From dd55940bd9d48b7408995f3d94b05d74502b2a78 Mon Sep 17 00:00:00 2001
From: Simon Norris <snorris@hillcrestgeo.ca>
Date: Fri, 16 Aug 2024 10:36:51 -0700
Subject: [PATCH] cache as parquet only

---
 download.py | 32 +++++---------------------------
 process.sh  | 13 ++++++++-----
 2 files changed, 13 insertions(+), 32 deletions(-)

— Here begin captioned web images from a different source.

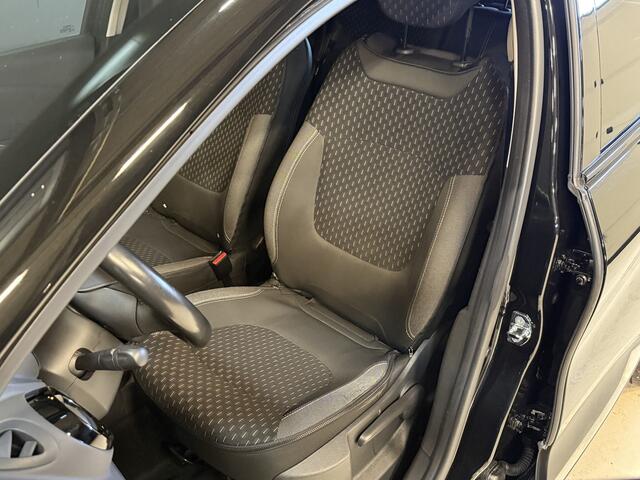 Renault CAPTUR 1.3 TCe Intens| Trekhaak | Navi | Camera | Dodehoeksensoren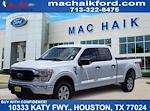 2021 Ford F-150 SuperCrew Cab 4WD Pickup for sale #P14982 - photo 1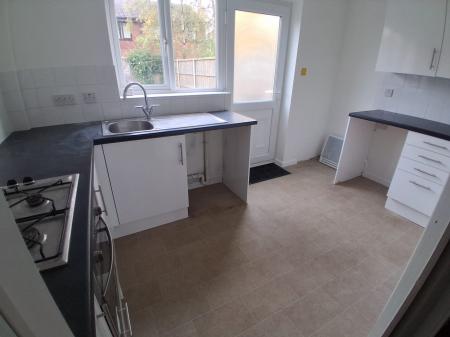 2 bedroom Semi-detached house to let in Atwater Court, Lincoln, LN2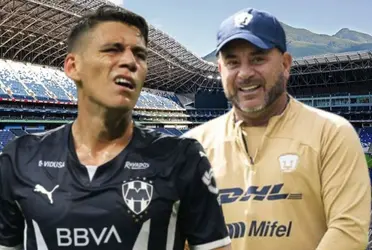 Héctor Moreno podría salir de Rayados e ir a Pumas, conoce lo que dijo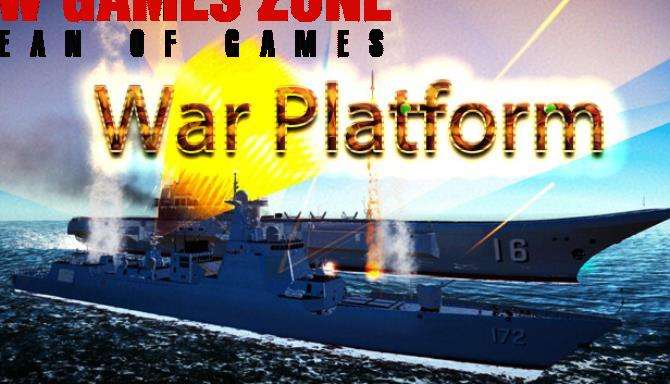 War Platform 2.0 Free Download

diff --git a/download.py b/download.py
index b058af5..fabeb72 100644
--- a/download.py
+++ b/download.py
@@ -258,13 +258,6 @@ def download_source(source):
 
 @click.command()
 @click.argument("sources_file", type=click.Path(exists=True), default="sources.json")
-@click.option(
-    "--out_format",
-    "-of",
-    default="GPKG",
-    type=click.Choice(["GPKG", "OpenFileGDB", "Parquet"], case_sensitive=False),
-    help="Output file format",
-)
 @click.option(
     "--source_alias",
     "-s",
@@ -277,9 +270,9 @@ def download_source(source):
 @click.option(
     "--out_path",
     "-o",
-    type=click.Path(exists=True),
+    type=click.Path(),
     default=".",
-    help="Output path to cache data (local folder or object storage)",
+    help="Output path to write data (local or s3://)",
 )
 @verbose_opt
 @quiet_opt
@@ -301,27 +294,12 @@ def download(sources_file, out_format, source_alias, dry_run, out_path, verbose,
     if not dry_run:
         for source in sources:
             df = download_source(source)
-
-            # determine file extension from format
-            if out_format == "OpenFileGDB":
-                extension = "gdb"
-            else:
-                extension = out_format.lower()
-
             layer = (
                 "hr_" + str(source["index"]).zfill(2) + "_" + source["alias"].lower()
             )
-
-            out_file = os.path.join(out_path, layer + "." + extension)
-
-            # one file per layer, overwrite existing file
-            # (rather than switching between write and append mode)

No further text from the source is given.